But the chance to lead at a different scale brought Krakauer to accept a position as the president of the Santa Fe Institute (SFI), a private, not-for-profit, independent research and education center, where leading scientists grapple with some of the most compelling and complex problems society faces. Krakauer previously held a professor appointment at SFI from 2002 to 2011, serving as the faculty chair beginning in 2009.
He brings with him an unorthodox style and legacy of seeding many eclectic and rigorous programs at WID, including bootcamps and hackathons for experts in data and the humanities to ask larger questions together, “drawing gyms” for cartooning scientists, mobile fountains, as well as interactions that brought together business leaders and researchers to reflect on up-and-coming ideas that impact society.
“David is the reason I’m at the University and the reason I’ve been able to do the experimental work I’ve been longing to do via the Image Lab,” says Lynda Barry, renowned cartoonist, author and Assistant Professor of Interdisciplinary Creativity. “It’s one thing to theorize about the value of interdisciplinary creativity and quite another thing to be able to actually implement it and see it generate a completely original way of working in the classroom; it’s the most exciting work I’ve done at the University and I’m ever grateful to David for making the exploratory work we’ve been doing possible.”
“David’s time at the head of WID is marked by a rare combination of virtues: brio and rigor.”

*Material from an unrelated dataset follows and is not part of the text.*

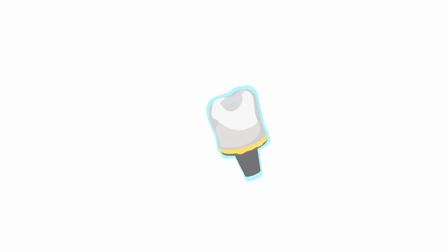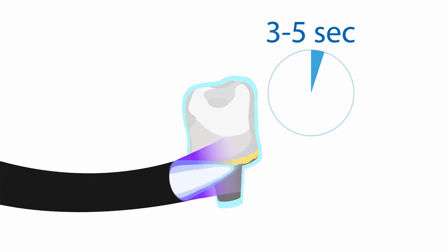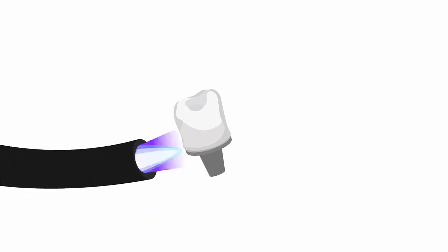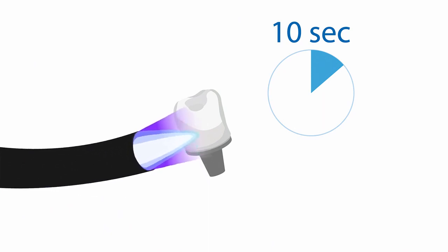Thanks to the optimized cement consistency, you can position your prosthetic exactly. Light cure for 3-5 seconds for an easy removal of excess cement — the excess cement is cleaned up in seconds. As a final step, directly light cure the Panavia V5 paste to create a durable seal.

Across disciplines at the Institute, Krakauer has directed and grown an administrative team and community of 350 research collaborators, helping to bring in more than $65 million in competitive grant dollars from public and private funding agencies to the university. He’s established distinct fellowships for faculty and students to encourage collaborations and experimentation of importance across fields. He’s also played a key role in recruiting valuable hires to WID, working with departments across campus to bring leading experts in creativity, epigenetics, optimization and tissue engineering to the organization and university at large.
Krakauer also brought the Institute on the road during his tenure to establish collaborations and relationships. He’s given more than 50 talks on complexity science, institutional building, and the future of research to thousands of people at events around the United States in coordination with universities, companies, the Wisconsin Alumni Association, NASA and the Kellogg Innovation Network.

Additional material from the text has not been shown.